◆ **WHAT THE EXERCISE ASKS**
In the data below, begin at the line with "Victoria Secret Perfume Aesthetic, Victoria" and stop after the line with "El grupo Epik High en un fansign en 2019"; output those lines exactly and no pictures.

◆ **AVAILABLE RECORDS**

---

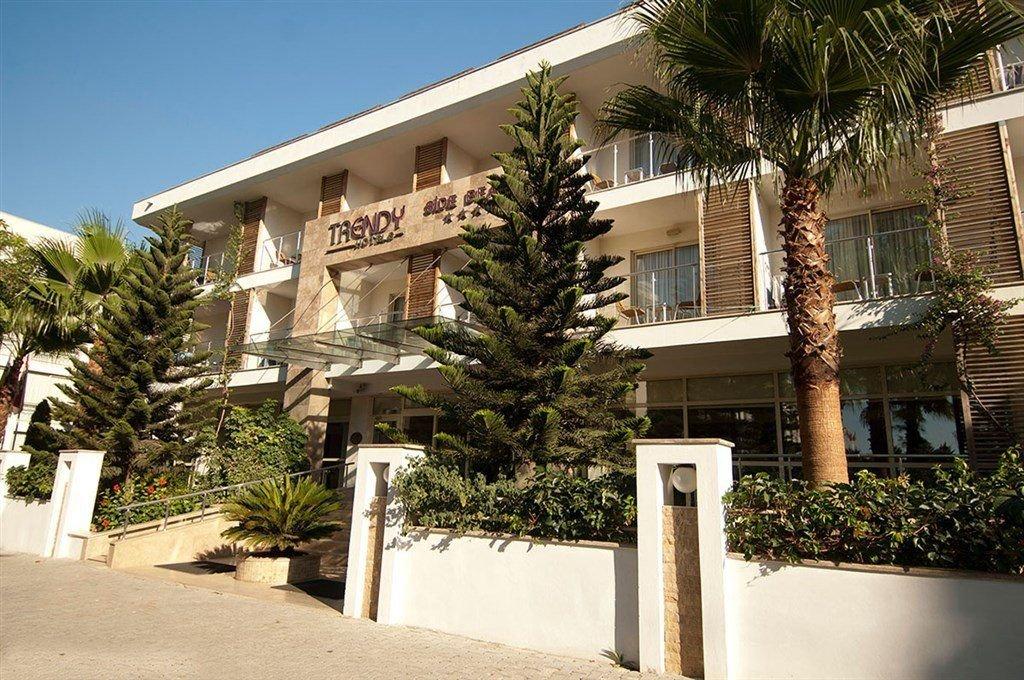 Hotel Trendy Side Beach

---

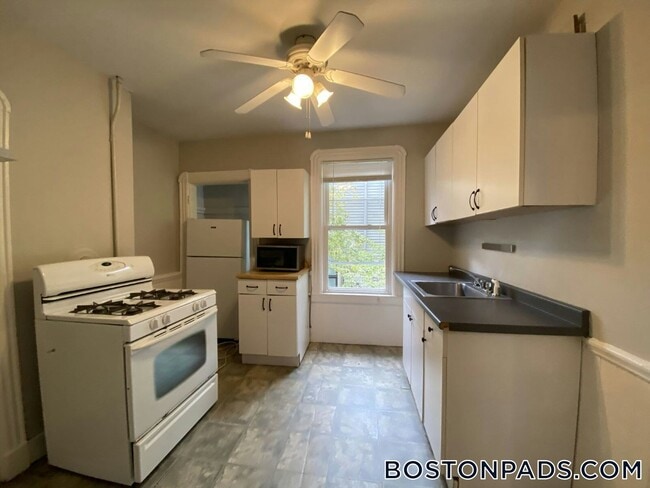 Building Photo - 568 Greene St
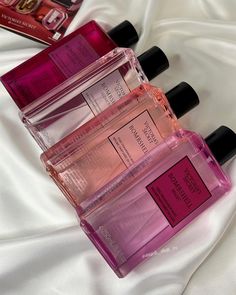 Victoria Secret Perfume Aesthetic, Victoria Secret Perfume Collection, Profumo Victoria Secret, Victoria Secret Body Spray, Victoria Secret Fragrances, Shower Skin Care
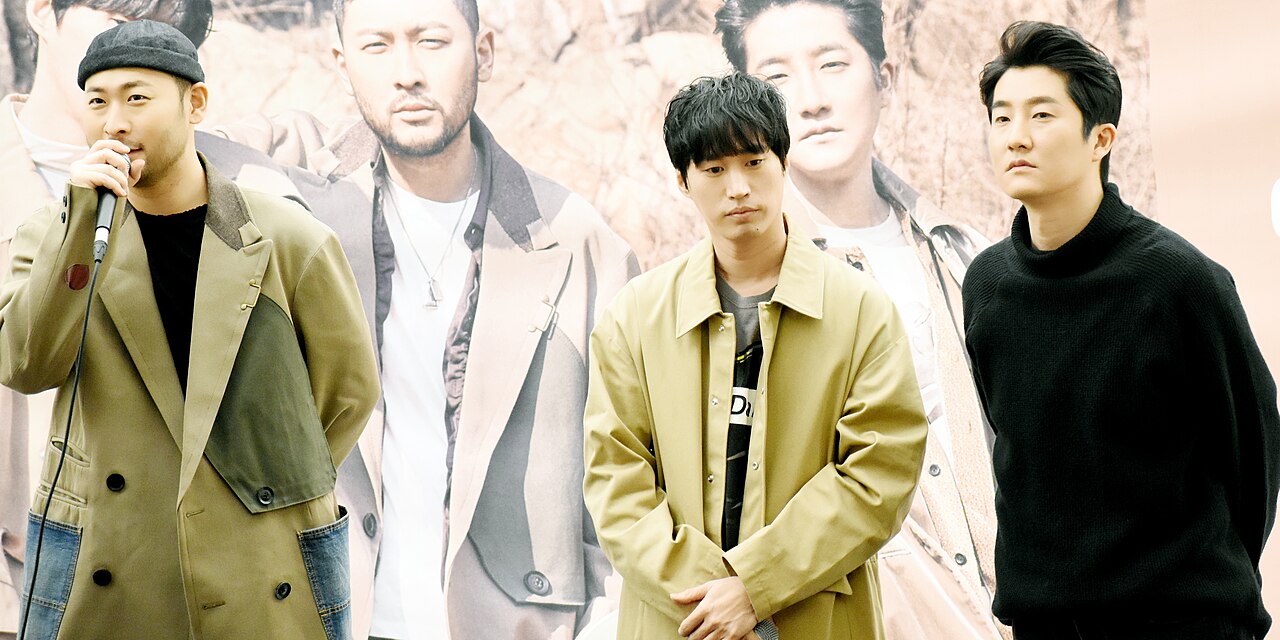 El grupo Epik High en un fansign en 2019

---

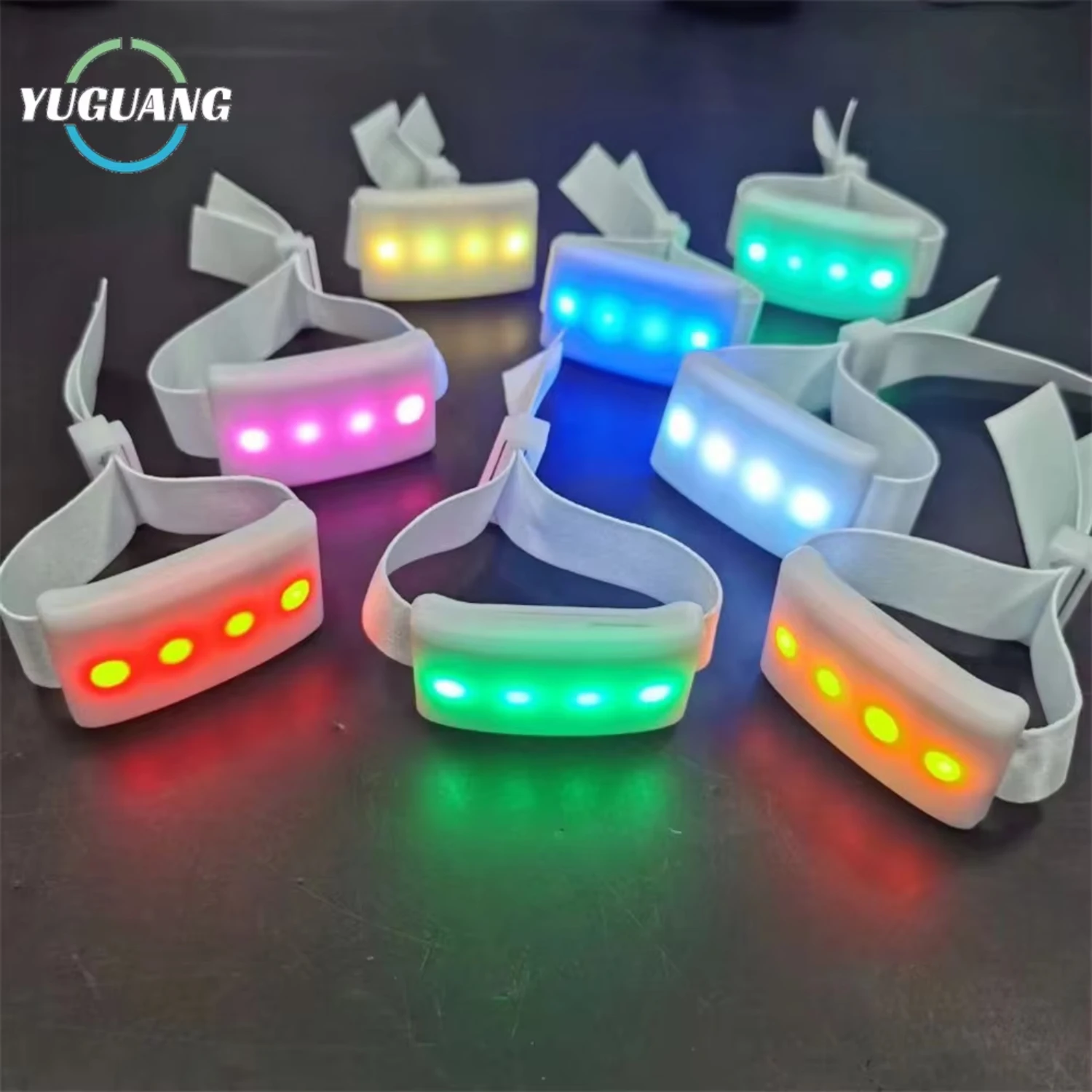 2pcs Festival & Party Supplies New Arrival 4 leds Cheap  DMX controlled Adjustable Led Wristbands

---

◆ **WORKED SOLUTION**
 Victoria Secret Perfume Aesthetic, Victoria Secret Perfume Collection, Profumo Victoria Secret, Victoria Secret Body Spray, Victoria Secret Fragrances, Shower Skin Care
 El grupo Epik High en un fansign en 2019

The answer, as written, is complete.